My husband and I have been going through some problems for some time now (approx 3 years). We have both tried to work at it in our own ways, but it was come to a head this summer. He moved out in June and in with friends to see if a break was what we needed. He's never been one to make decisions and when I met him a couple of days later he told me that his head was so messed up he thought we should divorce.
I suggested he take a few weeks to stay with his friends and decide if that's what he really wants - I do not want to end the marriage.
After 6 weeks we met and spent a while catching up and it was very friendly and enjoyable. Then he hit me with it - that after 6 years of marriage and 9 years together he wanted to end it. And told me that he no longer loves me.
At first I was shocked and angry, but over the next few days was devastated and terribly upset. I have tried on numerous occassions to discuss with him a reconncilliation and possible way back for us. To revive what we had when we first met. A lot of what I say is falling on deaf ears. This has continued for a few weeks now and finally a couple of weeks ago we had a great chat for a few hours in the pub without getting 'serious' about what was happening to us.
I was shocked and told him that I couldn't understand why he wanted a divorce when he can happily spend time with me.
He now wants some time out to decide whether he enjoyed our time together because of the length of time we have been together and our history or whether it's something else.
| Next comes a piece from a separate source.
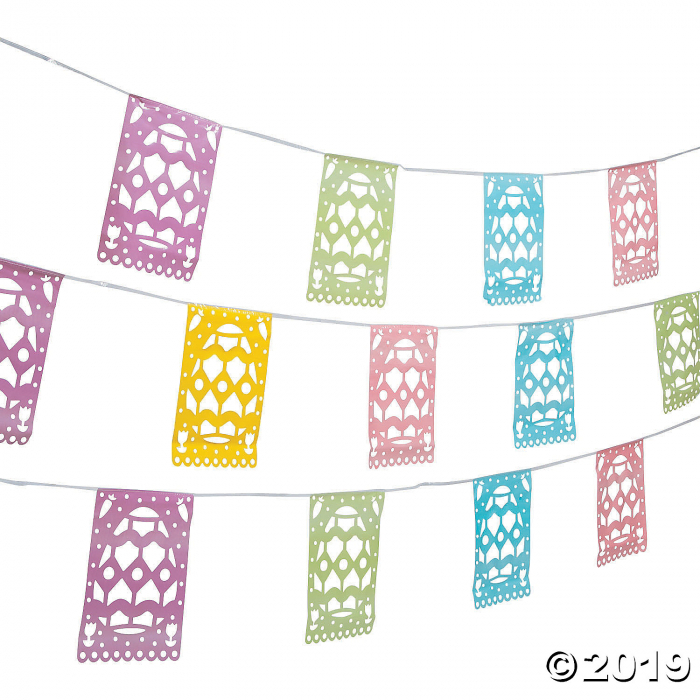 Easter Cutout Plastic Pennant Banner (1 Piece(s)) Easter Cutout Plastic Pennant Banner (1 Piece(s))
It's killing me just waiting around for him to come back to me. He's still at his friends house and I have moved back home with my Mum.
Has anyone got any advice for me. It would be much appreciated.
Hi Karen. Sorry this has happned to you. The only advice I can give you is just wait. I know its killing you. You could force the issue by setting a time limit. However; I did this and I was told I was pushing her the other way so it may not work. But its your right to know if you have a future with this man. I know your world has been turned upside down and its happned to many on here. Just wait and see what happens. All the best. Chris.
I'm really sorry to have to ask you this but are you absolutely sure he doesn't have someone else because the scenario you have described made me feel he has someone else and his behaviour towards you is one of guilt and he cannot fess up but just keeps telling you he needs time out?? This really sounds like someone who is really living with the guilt of having met someone else?? I hope I am wrong!
Iknow its horrid being left to wait. I've been doing that for the last 4 months, waiting to see if my hubby wanted us to stay together or not, giving him breathing space to make up his mind (see my blog it might help). We have now both decided to sparate. He couldnt make up his mind so i forced the issue and gave him an ultimatum. Hardest thing i've ever done, but for my own sanity i felt i had to. It was driving me crazy hanging around waiting for an answer to which i kept getting'i dont know'. Sometimes you have to bite the bullet and do what best for you. I am still in the marital home and now looking for a new place to live and things are amicable between us. Hang on in there for a wee while but dont let him mess you about, you take the initative and maybe when you feel strong enought, tell him to make a decision, so you can get on with your life. Good luck
Isn't it amazing how things can change over night! I got home to my mum's yesterday and she had seen my mother in law in the local supermarket.
Even his Mum thinks he's leading me on and gave me mum some information of what he's been up to.
I went round to see his Mum last night and the up shot of it is..... you were right OBE - he has got someone else. He was even seeing her when we met up two weeks ago! I demanded to see him last night to hear it from himself. He is now angry and upset that I am asking questions!!! There are some things I just needed to know. How old? Name? What kind of relationship do they have? I'm just so angry.
It's going to be a hard process with him getting all our finances sorted. It's left me with such a bad taste in my mouth. She even knows about me. I feel so foolish in wanting him back and the efforts I have made. No he thinks I'M being unreasonable!
You really are having a rubbish time aren't you?... and I feel for you!
The phrase 'attack is the best form of defence' comes to mind....
It Does sound to me as though your 'H' is getting annoyed with you because of HIS guilt...
I had a conversation with my x2b on Saturday... and he was as mad as hell!....BUT.... again, I think he was using the attack/defence scenario.
Try to stay strong - you will get through this!!!!!
Hi Karen. Well there is your answer. Now you know why. For me it was all denied. I asked and asked. In the end he told me. The family friend. Well he was supposed to be. He just wormed his way in and took over.